In my own experience, nothing beats the thick-bodied worms I can cast further than see into the water, but the drawback to taking hits from far away involves hookset. Especially where current bows the line, driving the hook home may prove impossible in some instances, not all. In any event, don’t let a bass take plastic for more than a few seconds before setting. You will miss some hits but kill fewer fish. Instead of using a flimsy ultra-light rod, employ a medium power, five-and-a-half-foot spinning rod. I tried an ultra-light just once and returned to the heavier I have much more fun with. The hooks get set and bass fight hard.
I’ve also tried fly-fishing. From late May into September, smallmouths feed voraciously on a variety of larval and winged insects, nematodes, molting crayfish and other stream denizens besides forage fish. Before you think streamer or popping bug, try nymph. Doesn’t have to be outsized, although big black size 4 Stonefly patterns and the like with lots of attractive appendages catch bass. Casting little size 12 nymphs of any variety—brown, black and gold or any combination of color—with five or six-weight floating line can be devastating on smallmouth bass’s peace in the afternoon.

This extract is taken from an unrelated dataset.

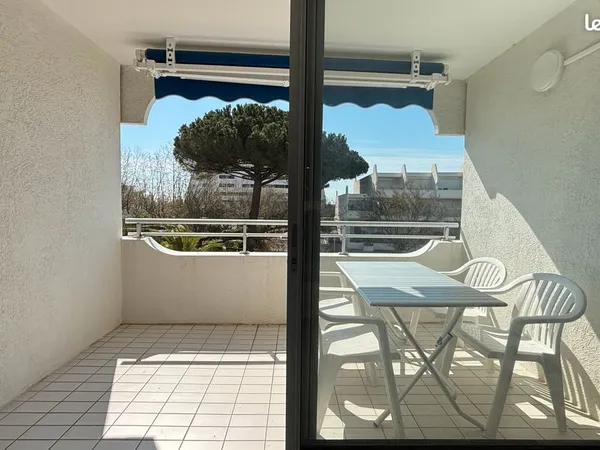 Grand T1 climatisé avec terrasse et parking à 2mn plage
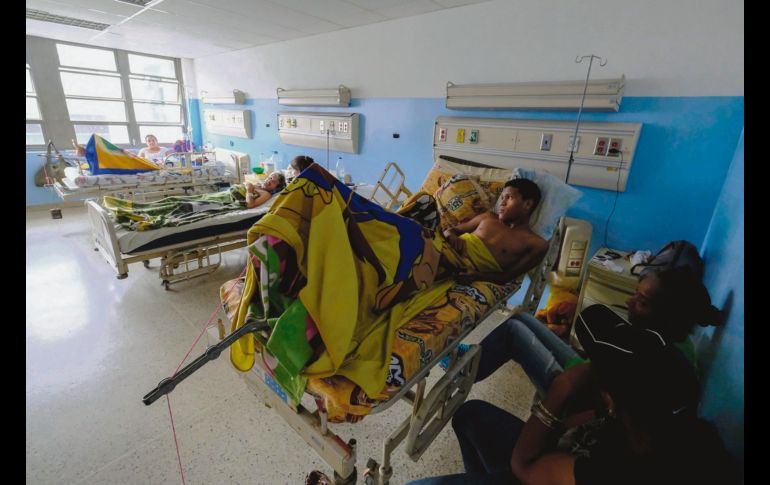 Pacientes aguardan el restablecimiento de la energía eléctrica en el hospital Miguel Pérez Carreño, en Caracas. AFP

Unlike largemouths typically feeding early and late in lakes and reservoirs, stream smallmouths strike any time during the day throughout summer, the big ones better approached around dawn and sunset. Big bass have subtler feeding habits than newbies over-wound and pouncing like kittens. Big bass will take big baits, but cast a half-ounce Hula Popper at noon and nothing big or little may take it. At dusk, something might happen.
If you specialize in the big ones or just want to catch bass, the five-inch Senko-type worms are plenty suitable. Not restricted to long, slow stretches’ opportunities for arching casts, they work in every situation a river presents. Always, I rig Wacky with hook attached to the worm’s middle by a plastic O ring. Slip that on using a Case Plastics Wacky Tool. Place the worm inside the device, pull the O ring onto the middle. Rigging Wacky better ensures hookset, and in some situations, flutter action draws strikes, although most often bass rush the worm on initial descent.
I’ve caught bass on these worms everywhere, including riffles with strong current, at the bottoms of deep holes by lift-drop retrieves and by flutter retrieves through the wide V’s of tailouts. Not every stretch has a tailout suitable to hold bass. Some end in inches of water, but others have one to three-foot depths with strong current and a noticeable V formation produced by current sucked downstream. Food gets sucked into the V as well. A three-pounder once nailed a worm retrieved right into dead center with force enough to wrench my arms. A fish I’ll never forget.
The summer smorgasbord lasts into September, when smallmouths begin to feed especially on soft-rayed forage. It’s no coincidence that in the Delaware River, bass gorge on shad fry headed to the Atlantic. Inland rivers don’t offer the same situation, but in October I cast a silver-sided Rapala and do better in fast moving water. When winter comes it’s not impossible to catch bass on lures, if you want to try dead-sticking a weighted tube plastic, letting current do the work on tentacles. Those deep holes are the end of story.